Beans make for a satiating, filling, and nourishing meal and are a great way to increase your intake of fiber.

Just as above, the sky is the limit. Use whatever beans you have. That’s the beauty of cooking….you don’t need to follow a recipe by the tee.


  • a bit of olive oil or coconut oil
  • 1 medium onion
  • 1 bell pepper and 1 carrot
  • canned beans, 1 cup of each: white & red kidney, black and Northern
  • 1 cup of sweet corn (canned)
  • 1 – 2 cups canned tomatoes
  • water or chicken/veggie broth (enough to cover everything)
  • spices: cumin, chili powder, red pepper flakes
  • herbs: dried oregano, basil

(if you decide to make it with meat, minced meat)

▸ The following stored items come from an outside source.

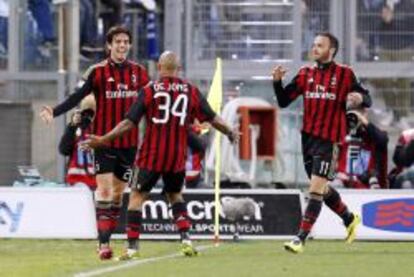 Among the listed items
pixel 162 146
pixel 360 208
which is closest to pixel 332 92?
pixel 162 146

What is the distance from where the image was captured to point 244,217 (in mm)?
16906

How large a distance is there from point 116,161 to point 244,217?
11.3ft

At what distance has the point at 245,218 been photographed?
1691cm

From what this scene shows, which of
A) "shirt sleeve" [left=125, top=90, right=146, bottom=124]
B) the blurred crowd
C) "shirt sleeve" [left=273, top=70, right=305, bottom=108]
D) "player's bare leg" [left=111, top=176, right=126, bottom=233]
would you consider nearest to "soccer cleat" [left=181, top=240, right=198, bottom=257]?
"player's bare leg" [left=111, top=176, right=126, bottom=233]

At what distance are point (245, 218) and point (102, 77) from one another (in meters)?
3.79

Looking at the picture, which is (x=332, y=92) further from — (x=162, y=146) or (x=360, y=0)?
(x=360, y=0)

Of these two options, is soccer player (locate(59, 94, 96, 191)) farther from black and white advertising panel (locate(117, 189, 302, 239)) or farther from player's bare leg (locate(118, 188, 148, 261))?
player's bare leg (locate(118, 188, 148, 261))

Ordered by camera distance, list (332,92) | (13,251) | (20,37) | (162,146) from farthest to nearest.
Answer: (20,37), (13,251), (332,92), (162,146)

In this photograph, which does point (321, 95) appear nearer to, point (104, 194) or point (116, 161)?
point (116, 161)

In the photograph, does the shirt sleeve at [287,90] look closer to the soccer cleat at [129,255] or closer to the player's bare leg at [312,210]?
the player's bare leg at [312,210]

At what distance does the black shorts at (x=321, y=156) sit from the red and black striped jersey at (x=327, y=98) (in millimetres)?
60

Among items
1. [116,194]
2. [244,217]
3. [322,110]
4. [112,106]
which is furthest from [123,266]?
[244,217]

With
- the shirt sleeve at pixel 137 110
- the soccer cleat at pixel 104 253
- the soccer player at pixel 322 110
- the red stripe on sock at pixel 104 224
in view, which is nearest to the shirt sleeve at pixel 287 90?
the soccer player at pixel 322 110

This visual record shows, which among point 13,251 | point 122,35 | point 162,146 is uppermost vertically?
point 122,35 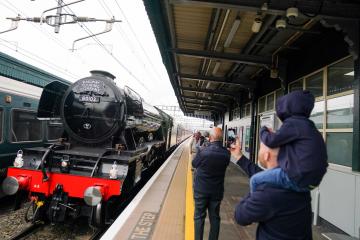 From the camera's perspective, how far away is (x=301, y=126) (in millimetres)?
1921

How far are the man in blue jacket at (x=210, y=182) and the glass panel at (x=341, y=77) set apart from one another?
319cm

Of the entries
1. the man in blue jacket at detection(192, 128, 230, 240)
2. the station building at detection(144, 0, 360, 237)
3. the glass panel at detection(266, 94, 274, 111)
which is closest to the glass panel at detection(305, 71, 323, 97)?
the station building at detection(144, 0, 360, 237)

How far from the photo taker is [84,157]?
21.8 feet

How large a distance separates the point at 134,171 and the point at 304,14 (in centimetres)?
450

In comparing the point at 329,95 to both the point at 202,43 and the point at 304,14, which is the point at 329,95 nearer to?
the point at 304,14

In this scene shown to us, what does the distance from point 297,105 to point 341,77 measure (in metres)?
5.20

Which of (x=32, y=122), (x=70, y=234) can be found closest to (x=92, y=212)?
(x=70, y=234)

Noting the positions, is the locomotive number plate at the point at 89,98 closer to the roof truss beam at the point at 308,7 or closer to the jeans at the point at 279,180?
the roof truss beam at the point at 308,7

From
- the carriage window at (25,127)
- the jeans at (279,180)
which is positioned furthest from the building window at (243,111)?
the jeans at (279,180)

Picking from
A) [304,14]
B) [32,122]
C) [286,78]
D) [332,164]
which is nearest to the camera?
[304,14]

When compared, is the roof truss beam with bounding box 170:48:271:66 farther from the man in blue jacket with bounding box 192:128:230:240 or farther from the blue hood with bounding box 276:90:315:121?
the blue hood with bounding box 276:90:315:121

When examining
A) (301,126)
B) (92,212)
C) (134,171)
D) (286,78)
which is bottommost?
(92,212)

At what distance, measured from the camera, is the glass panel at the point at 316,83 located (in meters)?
7.51

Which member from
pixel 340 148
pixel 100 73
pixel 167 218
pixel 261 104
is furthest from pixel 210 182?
pixel 261 104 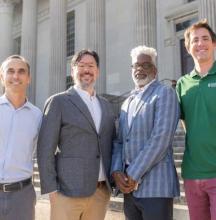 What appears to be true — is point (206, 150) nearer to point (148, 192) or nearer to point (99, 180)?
point (148, 192)

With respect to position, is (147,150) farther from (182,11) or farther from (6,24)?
(6,24)

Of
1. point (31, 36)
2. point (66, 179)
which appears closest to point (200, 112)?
point (66, 179)

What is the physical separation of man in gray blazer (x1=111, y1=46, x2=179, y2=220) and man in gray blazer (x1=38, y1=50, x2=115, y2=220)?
21cm

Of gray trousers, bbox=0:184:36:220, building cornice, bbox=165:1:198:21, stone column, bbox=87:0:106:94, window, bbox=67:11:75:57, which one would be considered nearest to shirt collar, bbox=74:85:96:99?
gray trousers, bbox=0:184:36:220

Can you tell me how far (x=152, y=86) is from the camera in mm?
4230

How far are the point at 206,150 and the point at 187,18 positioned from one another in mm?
16979

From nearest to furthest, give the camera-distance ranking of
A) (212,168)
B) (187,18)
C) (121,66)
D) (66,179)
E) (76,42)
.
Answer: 1. (212,168)
2. (66,179)
3. (187,18)
4. (121,66)
5. (76,42)

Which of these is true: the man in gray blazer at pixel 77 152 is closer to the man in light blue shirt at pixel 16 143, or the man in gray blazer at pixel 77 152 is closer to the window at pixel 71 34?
the man in light blue shirt at pixel 16 143

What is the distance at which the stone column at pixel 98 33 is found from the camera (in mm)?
17984

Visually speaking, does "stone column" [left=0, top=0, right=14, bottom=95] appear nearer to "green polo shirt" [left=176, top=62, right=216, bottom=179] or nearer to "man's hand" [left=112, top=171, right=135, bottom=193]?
"man's hand" [left=112, top=171, right=135, bottom=193]

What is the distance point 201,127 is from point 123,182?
0.91 m

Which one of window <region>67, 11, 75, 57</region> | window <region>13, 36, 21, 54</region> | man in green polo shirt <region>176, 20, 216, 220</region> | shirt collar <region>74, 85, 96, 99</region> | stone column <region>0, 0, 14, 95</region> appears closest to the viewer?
man in green polo shirt <region>176, 20, 216, 220</region>

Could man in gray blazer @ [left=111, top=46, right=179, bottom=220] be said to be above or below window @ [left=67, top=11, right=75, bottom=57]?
below

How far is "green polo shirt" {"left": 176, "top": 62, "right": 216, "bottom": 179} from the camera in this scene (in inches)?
148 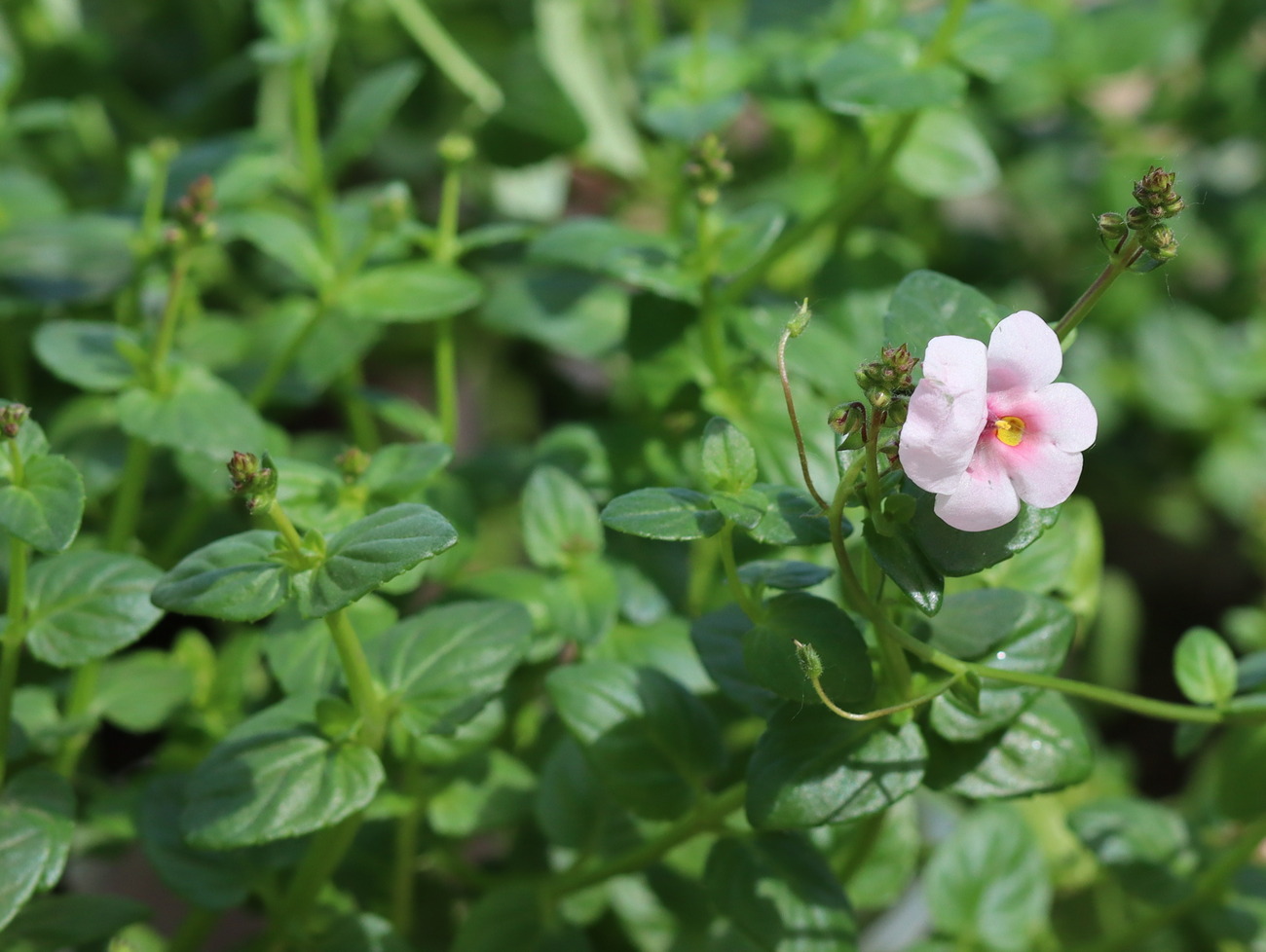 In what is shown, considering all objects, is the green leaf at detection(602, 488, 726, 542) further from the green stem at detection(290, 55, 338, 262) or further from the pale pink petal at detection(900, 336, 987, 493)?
the green stem at detection(290, 55, 338, 262)

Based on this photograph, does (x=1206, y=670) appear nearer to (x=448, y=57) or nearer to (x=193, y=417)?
(x=193, y=417)

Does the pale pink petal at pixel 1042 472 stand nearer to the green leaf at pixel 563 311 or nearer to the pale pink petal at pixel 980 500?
the pale pink petal at pixel 980 500

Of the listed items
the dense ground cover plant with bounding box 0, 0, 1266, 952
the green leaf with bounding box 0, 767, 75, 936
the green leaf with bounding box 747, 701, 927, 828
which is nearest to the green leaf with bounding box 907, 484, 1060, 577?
the dense ground cover plant with bounding box 0, 0, 1266, 952

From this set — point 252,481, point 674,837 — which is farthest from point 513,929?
point 252,481

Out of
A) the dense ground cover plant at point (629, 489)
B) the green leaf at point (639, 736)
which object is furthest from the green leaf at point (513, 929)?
the green leaf at point (639, 736)

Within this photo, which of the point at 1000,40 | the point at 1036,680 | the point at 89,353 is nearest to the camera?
the point at 1036,680

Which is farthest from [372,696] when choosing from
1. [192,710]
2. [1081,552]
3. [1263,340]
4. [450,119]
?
[1263,340] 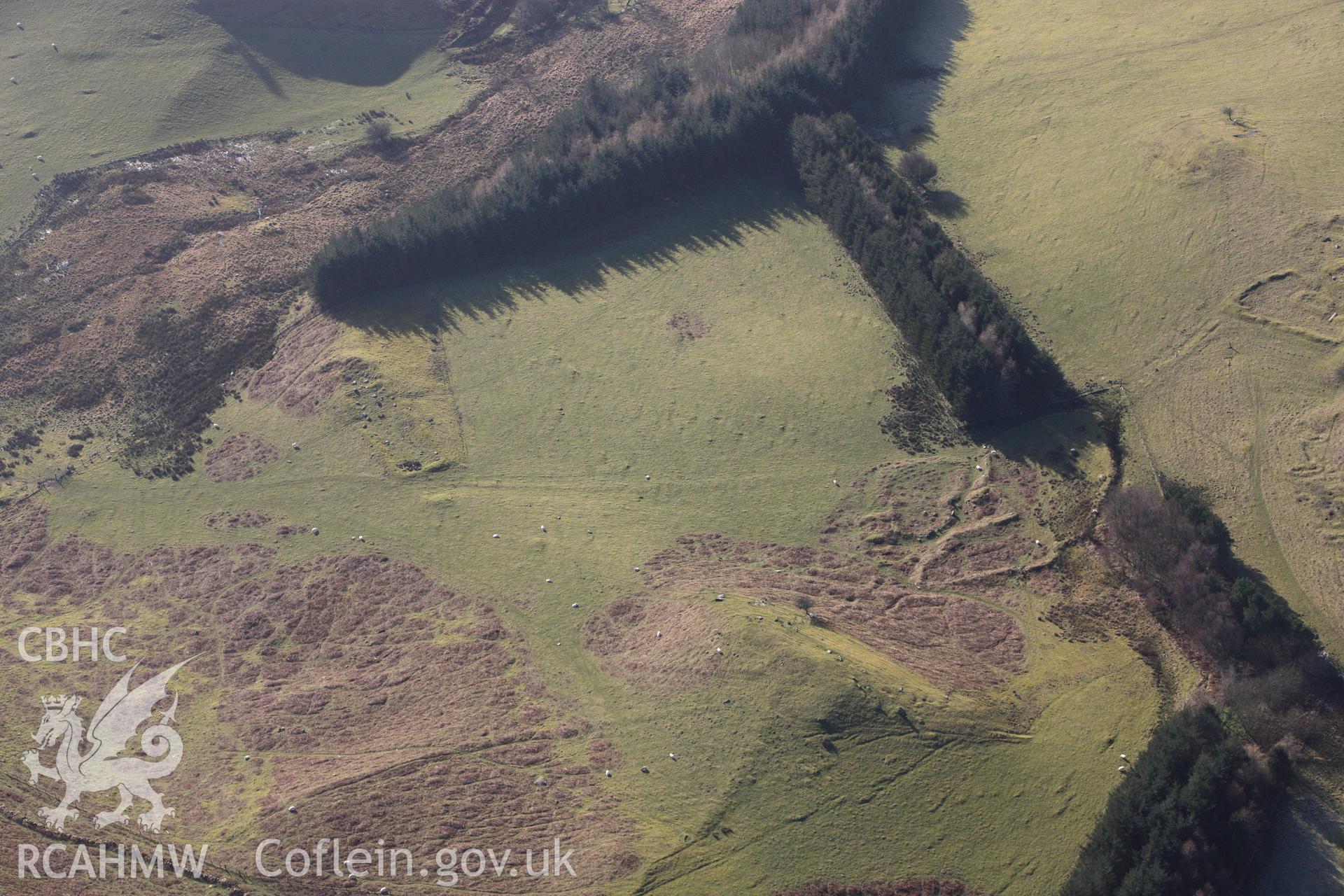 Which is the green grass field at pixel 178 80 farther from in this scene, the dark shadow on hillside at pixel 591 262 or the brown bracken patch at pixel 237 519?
the brown bracken patch at pixel 237 519

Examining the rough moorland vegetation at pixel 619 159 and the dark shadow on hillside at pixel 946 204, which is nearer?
the dark shadow on hillside at pixel 946 204

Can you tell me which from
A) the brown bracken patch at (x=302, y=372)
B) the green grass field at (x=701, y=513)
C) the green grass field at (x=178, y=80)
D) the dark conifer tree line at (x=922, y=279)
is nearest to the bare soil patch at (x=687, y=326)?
the green grass field at (x=701, y=513)

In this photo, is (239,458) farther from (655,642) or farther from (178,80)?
(178,80)

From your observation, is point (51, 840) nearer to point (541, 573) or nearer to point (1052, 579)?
point (541, 573)

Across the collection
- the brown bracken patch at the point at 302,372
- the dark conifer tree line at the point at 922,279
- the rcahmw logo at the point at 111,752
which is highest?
the dark conifer tree line at the point at 922,279

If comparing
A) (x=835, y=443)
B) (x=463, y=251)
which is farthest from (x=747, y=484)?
(x=463, y=251)

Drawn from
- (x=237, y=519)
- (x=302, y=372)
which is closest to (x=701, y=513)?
(x=237, y=519)

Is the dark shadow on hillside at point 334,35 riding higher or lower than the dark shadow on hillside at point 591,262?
higher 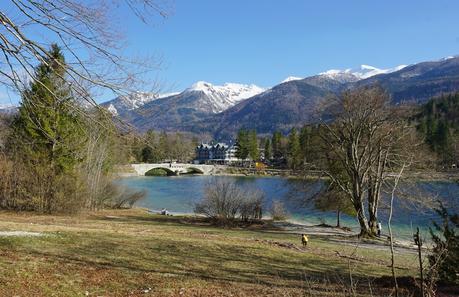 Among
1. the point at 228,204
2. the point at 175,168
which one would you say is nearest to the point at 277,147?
the point at 175,168

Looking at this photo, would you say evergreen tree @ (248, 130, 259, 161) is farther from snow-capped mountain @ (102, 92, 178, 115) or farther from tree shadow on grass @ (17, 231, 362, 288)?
snow-capped mountain @ (102, 92, 178, 115)

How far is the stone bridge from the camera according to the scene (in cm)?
9871

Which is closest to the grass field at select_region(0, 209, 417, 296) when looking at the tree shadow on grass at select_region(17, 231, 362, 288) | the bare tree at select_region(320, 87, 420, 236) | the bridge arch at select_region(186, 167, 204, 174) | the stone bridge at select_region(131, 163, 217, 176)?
the tree shadow on grass at select_region(17, 231, 362, 288)

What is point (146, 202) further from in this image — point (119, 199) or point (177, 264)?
point (177, 264)

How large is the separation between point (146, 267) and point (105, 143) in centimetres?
2570

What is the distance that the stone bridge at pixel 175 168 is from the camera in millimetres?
98706

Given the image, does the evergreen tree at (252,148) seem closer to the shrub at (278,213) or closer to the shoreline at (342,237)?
the shrub at (278,213)

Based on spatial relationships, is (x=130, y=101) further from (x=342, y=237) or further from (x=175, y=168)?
(x=175, y=168)

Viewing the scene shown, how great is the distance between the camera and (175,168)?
10881cm

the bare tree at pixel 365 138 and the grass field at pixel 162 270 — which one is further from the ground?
the bare tree at pixel 365 138

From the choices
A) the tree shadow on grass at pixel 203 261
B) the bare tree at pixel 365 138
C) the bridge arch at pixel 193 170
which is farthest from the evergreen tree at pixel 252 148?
the tree shadow on grass at pixel 203 261

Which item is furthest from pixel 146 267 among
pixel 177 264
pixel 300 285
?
pixel 300 285

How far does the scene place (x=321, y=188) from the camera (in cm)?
2803

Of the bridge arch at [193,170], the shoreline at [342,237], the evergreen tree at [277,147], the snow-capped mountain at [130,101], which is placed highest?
the evergreen tree at [277,147]
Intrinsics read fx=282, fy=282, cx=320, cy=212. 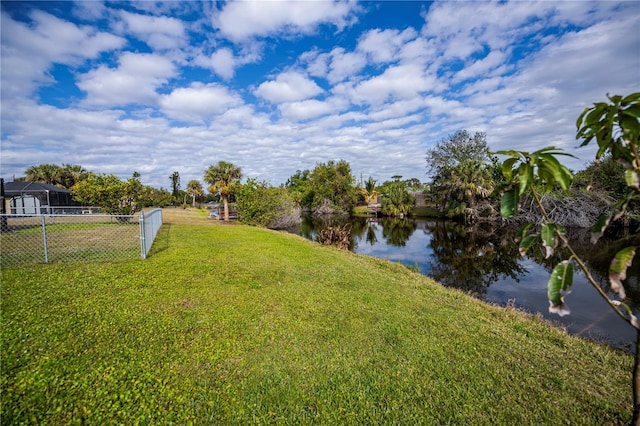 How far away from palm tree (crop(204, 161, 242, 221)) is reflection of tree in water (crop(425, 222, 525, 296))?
2108 centimetres

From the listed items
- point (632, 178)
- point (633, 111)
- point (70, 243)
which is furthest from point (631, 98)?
point (70, 243)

  • on a big pot or dutch oven,
  • (cook the meat as you’d always would)
  • heat olive oil
  • add onions, bell pepper, carrots and sautè
  • add spices
  • (add back the cooked meat)
  • cover and cook at low heat for a few minutes
  • add all other ingredients and enough hot water to cover everything and let simmer for 20 min

Enjoy alongside some bread or a serving of rice. It even goes well over pasta. Best of all, it tastes even better the next day and freezes well!

vegetarian chili


Meatballs – Everyone’s Favorite

Meatballs are great as they are very versatile. You can eat them plain as snack, cut them up into your pita stuffed with raw veggies, cut them up into tomato sauce and serve over pasta or rice,…


  • 500g minced meat
  • 1 – 2 onions, sliced thinly
  • 2 gloves of garlic
  • 1 egg
  • 2 tbsp of each parsley, basil, oregano
  • 1 cup crushed oats
  • salt & pepper


  • preheat oven to 200°
  • first slightly beat egg
  • add oats
  • add herbs & spices
  • add all other ingredients
  • with your hands, form tbsp sized meatballs
  • place them on a baking sheet and put into oven
  • bake for ~ 20 min

Eat them over pasta or rice (I’d place them after baking into tomato sauce). Eat them with Greek or spinach salad. Fill a pita with yogurt, veggies (cucumbers, cabbage & spinach), hummus or feta cheese. Serve them on the side of mixed veggies (from the freezer) or eat them along hummus with cut up veggies.

pasta with meatballs


Pasta with Pesto Sauce & Cheese

Pasta is one of the easiest, quickest, and most versatile dishes to make.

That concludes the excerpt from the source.